RECORDED DATA »
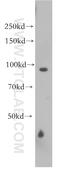 NEDD4-like E3 ubiquitin-protein ligase WWP1 antibody, 13587-1-AP, Proteintech Group, Western Blot image 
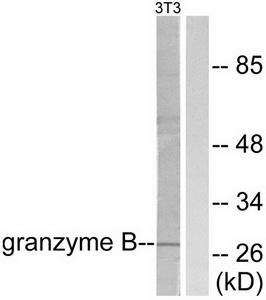 Granzyme B (GZMB) Rabbit Polyclonal Antibody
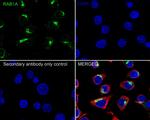 RAB1A Antibody in Immunocytochemistry (ICC/IF)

TASK DIRECTIONS » Nothing but an exact copy of the data above, minus its pictures, should appear in the response.

EXERCISE RESULT »
 NEDD4-like E3 ubiquitin-protein ligase WWP1 antibody, 13587-1-AP, Proteintech Group, Western Blot image 
 Granzyme B (GZMB) Rabbit Polyclonal Antibody
 RAB1A Antibody in Immunocytochemistry (ICC/IF)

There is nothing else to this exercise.